Harbor pilots Edwin and Bruce Fendig said Brunswick gets an unfair return on the money it sends to Washington.
In 2011 alone, shippers paid $12 million to $13 million in harbor maintenance fees and, by year’s end, could possibly pay $300 million in U.S. Customs duties, Bruce Fendig said.
“And the federal government will pay only half of what we need to dredge the channel,” he told Tickner.
After the meeting, the Fendigs said Brunswick is a “donor port” because money collected there goes to maintain channels and harbors at bigger, higher-use ports.
The corps asked for $6 million and they get about $2.9 million.

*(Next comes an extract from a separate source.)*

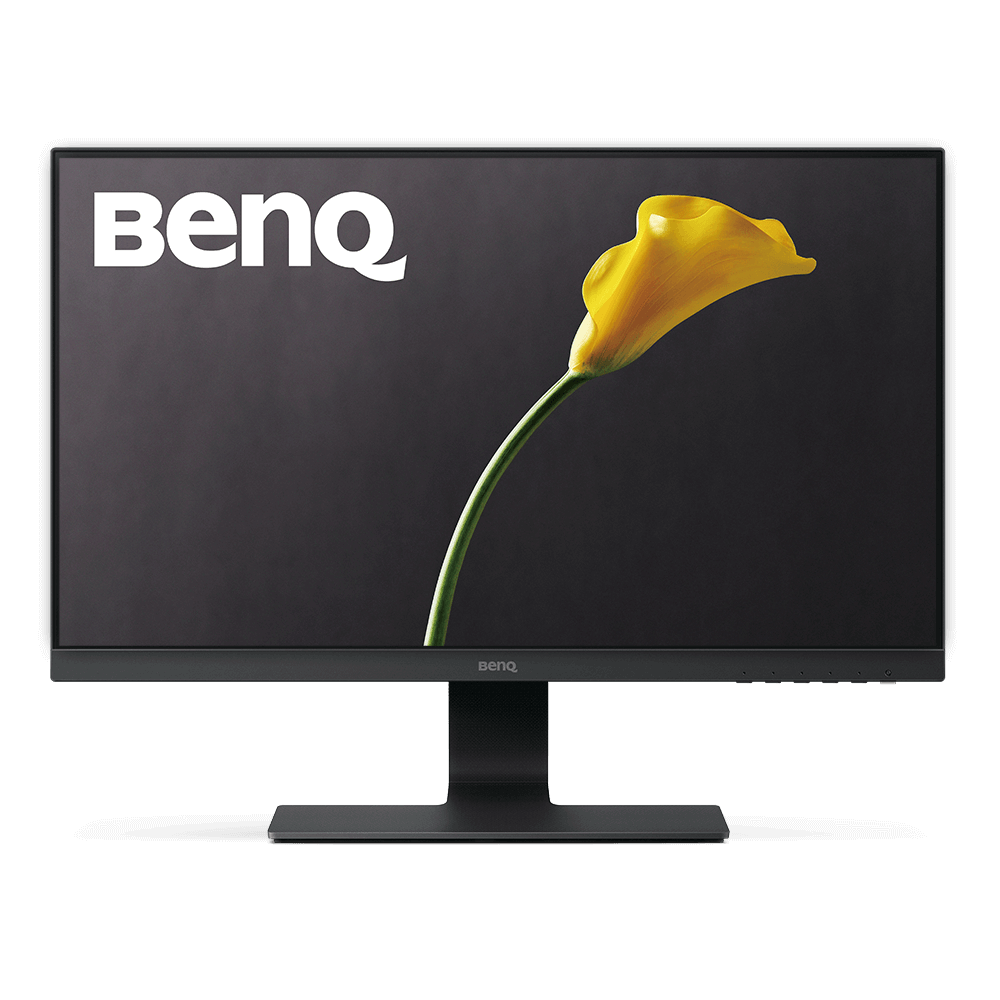 GL2580HM Stylish Monitor with Eyecare Technology BenQ Asia Pacific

About a third of that goes toward the actual dredging with the rest going to administrative costs including wildlife protection, Edwin Fendig said.
With 80,000 to 100,000 cubic yards of material settling into the bar channel each month, maintenance dredging keeps falling farther behind, he said.
“If you just take a spoonful out every year, you’re never going to catch up,” he said.
The federal government’s funding formula could endanger the funding stream — including duties — if ports are allowed to continually degrade, he said.
“Why wouldn’t you spend $10 million to get your $300 million?” he asked.
Christopher F. Wynns, operations manager of Wallenius Wilhelmsen Logistics, said the Brunswick port would collect even more if shippers did not have to divert tonnage to other ports.
Wynns said Wallenius Wilhelmsen ships often have to stop first in Savannah to unload some freight. Lightened, the ships don’t run as deeply, which allows them to get through the obstructed shipping channel, he said.
Even then, Edwin Fendig said, most ships have to wait for high tide to get into the channel at the outer bar.
Rick Whitmore, of Mercedes Benz, said the company is importing 60,000 vehicles a year through Brunswick and exporting 40,000 to 50,000 to Europe. Whitmore says the formula should be changed to consider more than tonnage in deciding a port’s importance.
“I think value’s got to be part of the equation,” he said. “A ton of Mercedes is one car.”
State Rep. Alex Atwood, R-Brunswick, told Tickner the port is critical to the area’s future.
“If we do not dredge this harbor, we’re going to lose jobs,” he said.